So when I edit something like this, I try and break it up into different sections, and then edit them independently.

SO I would use layers, and I would create one for the mountain itself, and the rock foreground. Sometimes I do the same for the sky, but in this case the sky looked a good shade of blue.
The whole key to this stuff is the masking, or the isolation of the parts that you wish to edit. ESPECIALLY when you have trees/plants involved. Masking that tree line off to edit the sky (leaving the tree be), would be a PIA.

So I use a program by Topaz called Remask 2 (Topaz ReMask - Masking Made Easy). It makes masking as easy as possible and saves time.

I opened the photo in PS Elements, then made two copies.The top copy was opened in remask to remove the mountain from everything else. Then the middle layer was used to isolate the rocks, and the bottom stayed whole.
I then just used the levels tool to increase the contrast and white balance a bit... nothing big, just enough to lose some of the dullness. I did a little contrast tweak to the rocks, and then flattened the image.
Took less then 10mins....


----------



## Mulewings~ (Jan 13, 2010)

Topaz really rocks...it has some great time saving features.

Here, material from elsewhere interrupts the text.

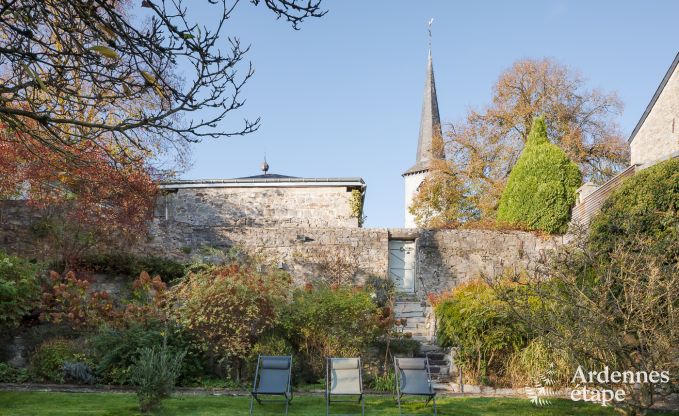 Charmant vakantiehuis met zwembad en privtuin voor 4 personen in middeleeuws dorp Vierves-sur-Viroin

Thanks for the explanation.  It really helps everyone else learn.


----------



## brazilnutjr (Jan 13, 2010)

Dominantly said:


> So when I edit something like this, I try and break it up into different sections, and then edit them independently.
> 
> SO I would use layers, and I would create one for the mountain itself, and the rock foreground. Sometimes I do the same for the sky, but in this case the sky looked a good shade of blue.
> The whole key to this stuff is the masking, or the isolation of the parts that you wish to edit. ESPECIALLY when you have trees/plants involved. Masking that tree line off to edit the sky (leaving the tree be), would be a PIA.
> ...



Thank you for the detailed explanation. I'll try to get ahold of remask.  I probably have some more photos that could be made to look half way decent. So, I look forward to practicing with the layers.  Thanks again!


----------



## Dominantly (Jan 13, 2010)

The Topaz bundle is very powerful and free to try for 90 days with no strings attached.


----------



## Pugs (Jan 13, 2010)

I've got to say how wonderful it is to see someone take criticism constructively and then actively seek to learn!


----------